**Listed entries**
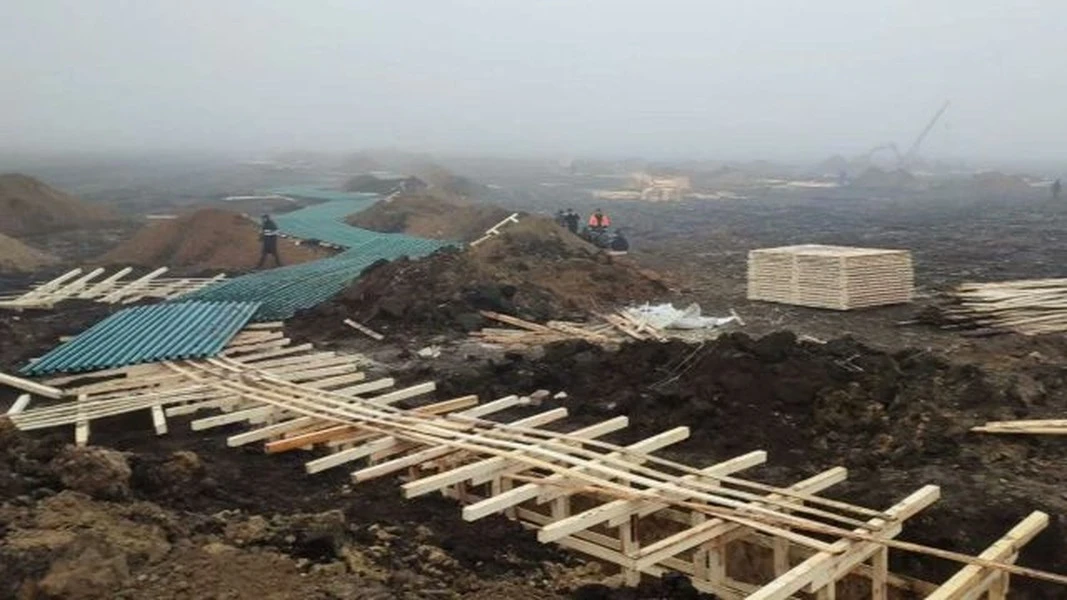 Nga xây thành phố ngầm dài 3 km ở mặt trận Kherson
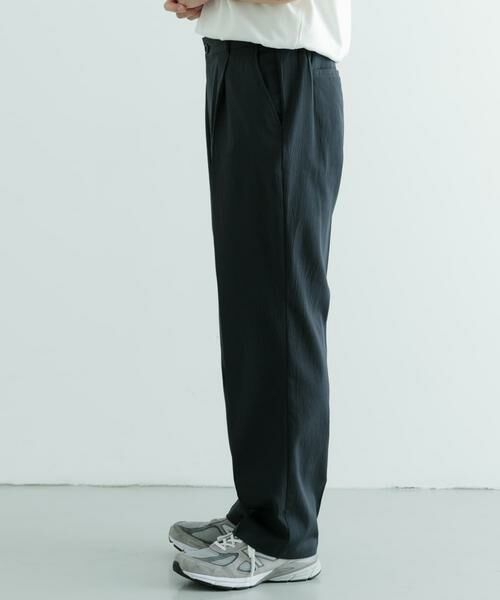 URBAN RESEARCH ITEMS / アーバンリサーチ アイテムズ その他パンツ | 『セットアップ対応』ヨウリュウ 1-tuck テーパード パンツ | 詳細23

...

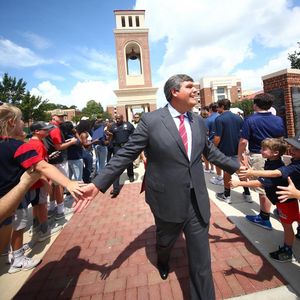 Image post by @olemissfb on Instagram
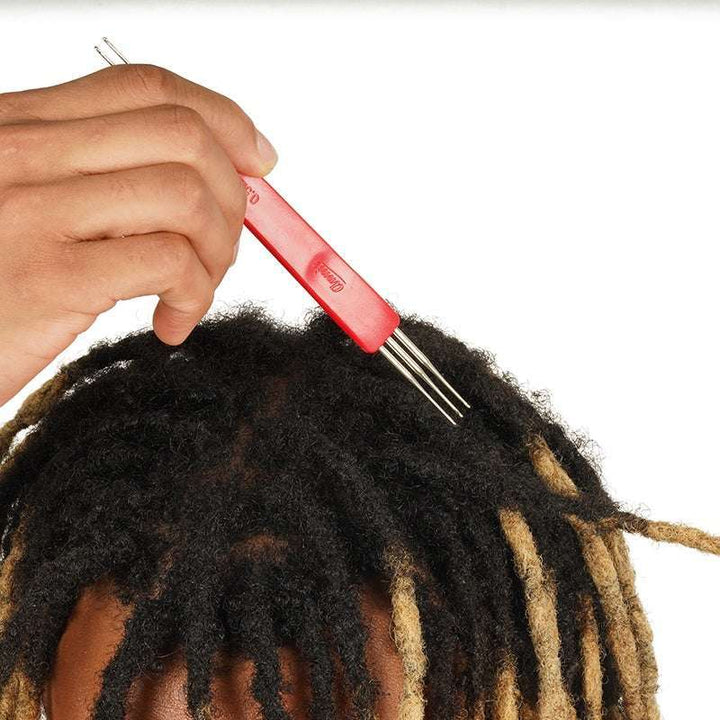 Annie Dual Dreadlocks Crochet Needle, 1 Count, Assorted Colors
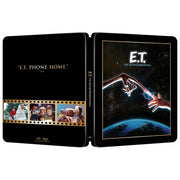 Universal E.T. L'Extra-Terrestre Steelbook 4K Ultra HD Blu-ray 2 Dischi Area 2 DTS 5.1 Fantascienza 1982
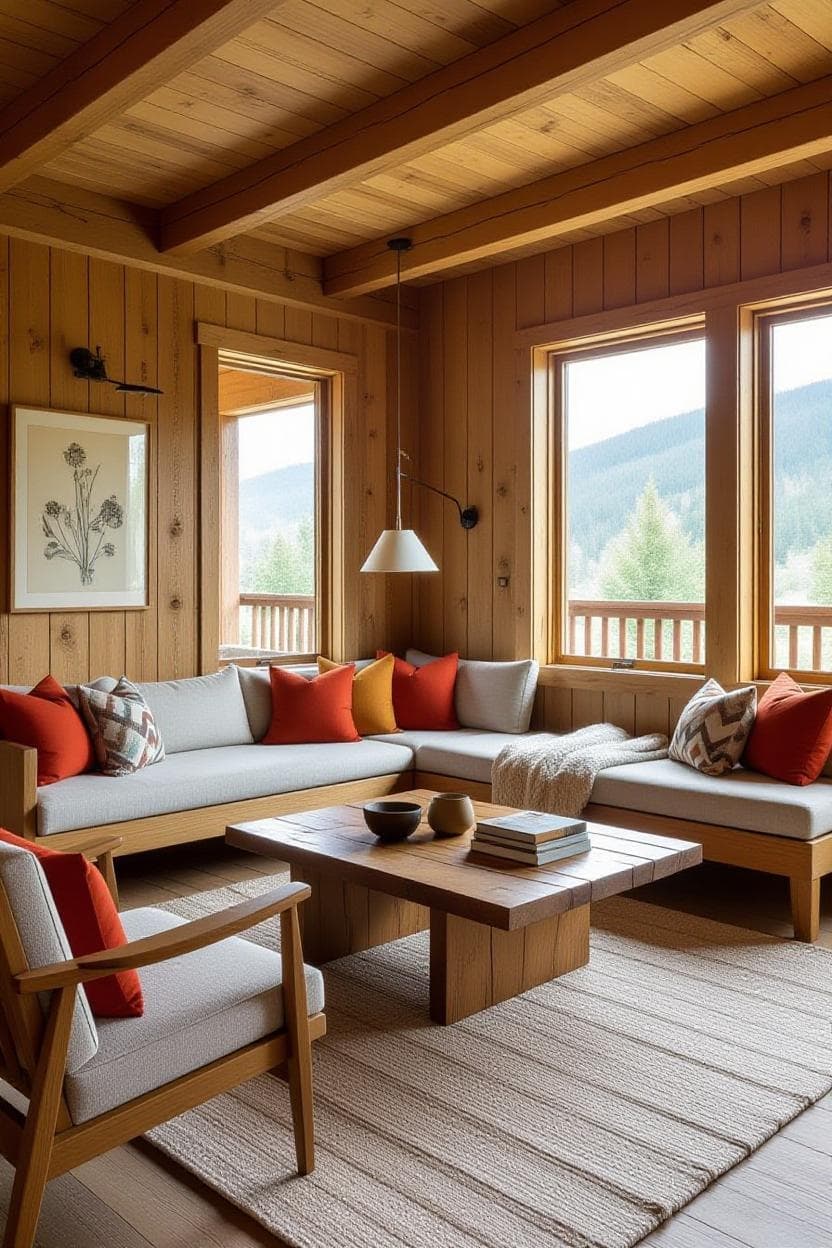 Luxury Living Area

**The task**
Treat the line with "Nga xây thành" as the start and the line with "URBAN RESEARCH ITEMS" as the end, and return exactly that span of the data above, both ends included, without pictures.

**Task result**
 Nga xây thành phố ngầm dài 3 km ở mặt trận Kherson
 URBAN RESEARCH ITEMS / アーバンリサーチ アイテムズ その他パンツ | 『セットアップ対応』ヨウリュウ 1-tuck テーパード パンツ | 詳細23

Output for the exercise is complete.